Climate Change: “Code Red for Humanity”

This past month the United Nation’s Intergovernmental Panel on Climate Change (IPCC) issued a report with staggering conclusions for all of us, reminding us that we still have time to act to reduce the most oppressive consequences of climate change, and that we must begin immediately.  

The key findings:

  • Climate change is “widespread, rapid and intensifying”
  • Climate change is happening in every region of the world. To see the impact on your region, go to the Interactive Atlas: interactive-atlas.ipcc.ch
  • Many of the changes are irreversible, such as sea level rise
  • The impact of climate change will continue to increase in all regions
  • The impact of climate change on cities is and will continue to be intense

We have time to limit the impact of climate change through “strong and sustained reductions in carbon dioxide (CO2) and other greenhouse gases (GHG).” According to the Report, the world has already warmed by 1.1 degrees Celsius. When we reach 1.5 degree Celsius of global warming there will be increasing heatwaves, longer warm seasons and shorter cold seasons. If the temperature rises by 2 degrees Celsius heat extremes “would more often reach critical tolerance thresholds for agriculture and health.”    

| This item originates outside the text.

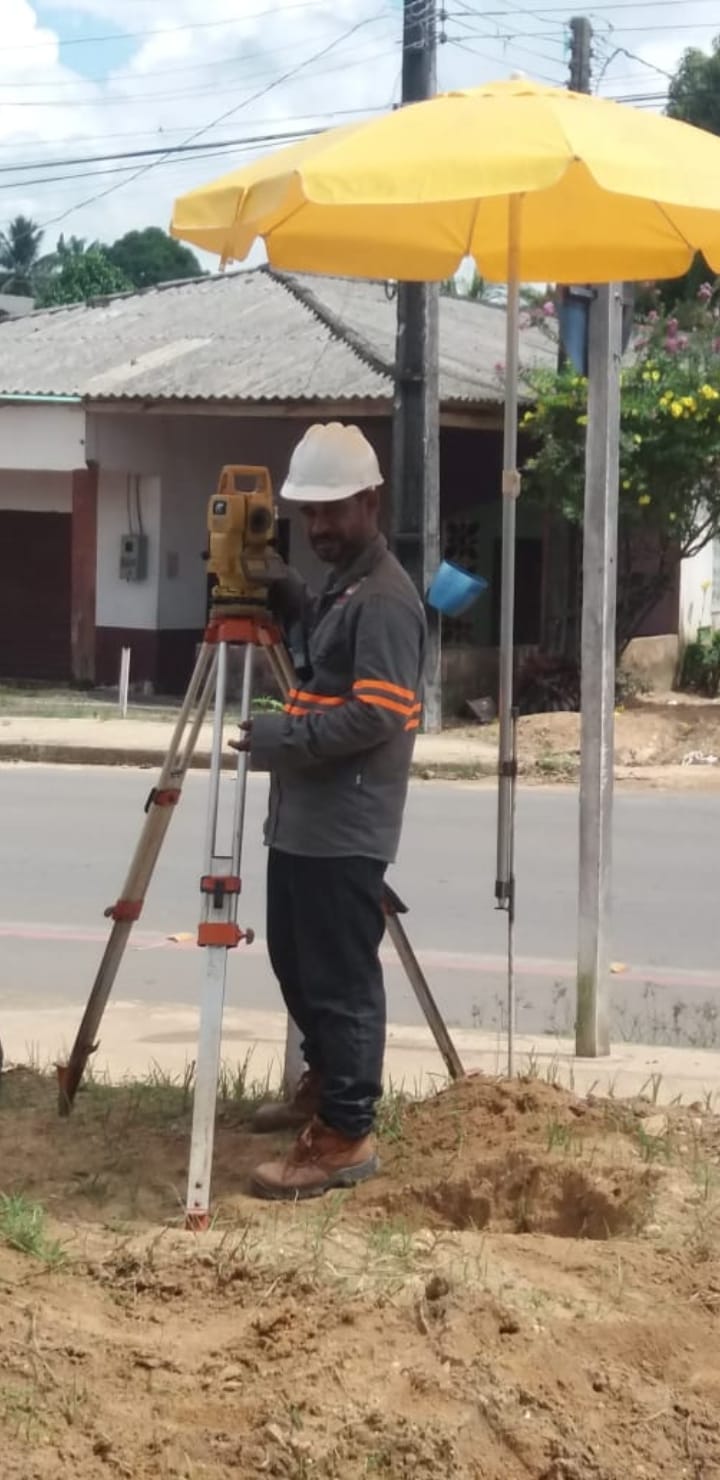 Topógrafo operando teodolito sobre tripé em obra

The IPCC Report sends an essential signal to the business community that we must halve GHG emissions by 2030. Our response must be “immediate, rapid and large-scale.” Business can take the following actions:

  • Set science-based targets for emissions:

Over 700 companies around the world have set science-based targets, or emissions targets which are aligned with a change of temperature of 1.5 degrees Celsius. These companies include Mahindra, Cemex, and Unilever.

  • Switch to renewable energy, such as solar, wind, geothermal, tidal etc.
  • Find lower-carbon ways to produce goods
  • Commit to Net Zero by 2030 (or cut GHG emissions to zero)
  • Conduct scenario analysis to understand the risks climate change poses to your business

The IPCC was formed in 1988 and is composed of 195 member governments. As such, it represents the community of nations and includes 200 scientists from around the world. The IPPC Report focuses on the scientific, technical, and social-economic aspects of climate change.

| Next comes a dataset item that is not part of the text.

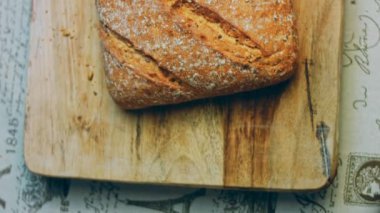 Çizgileri olan taze pişmiş kare ekmek. Arka planda romantik bir ortam var. Kahverengi arka planda münferit bir ekmek çeşidi. Kaydırıcı atışı.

The final installment of the report is due out in 2022. In the meantime, the world’s leaders continue to prepare for COP26, the UN Climate Change Conference scheduled to take place between November 1- 12 in Glasgow, presided over by the United Kingdom.

The IPCC’s Vice Chair, Ko Barrett calls for “unprecedented, transformational change.”  The next few months and years will be crucial as we seek to mitigate the impacts of climate change and adapt to our transforming planet.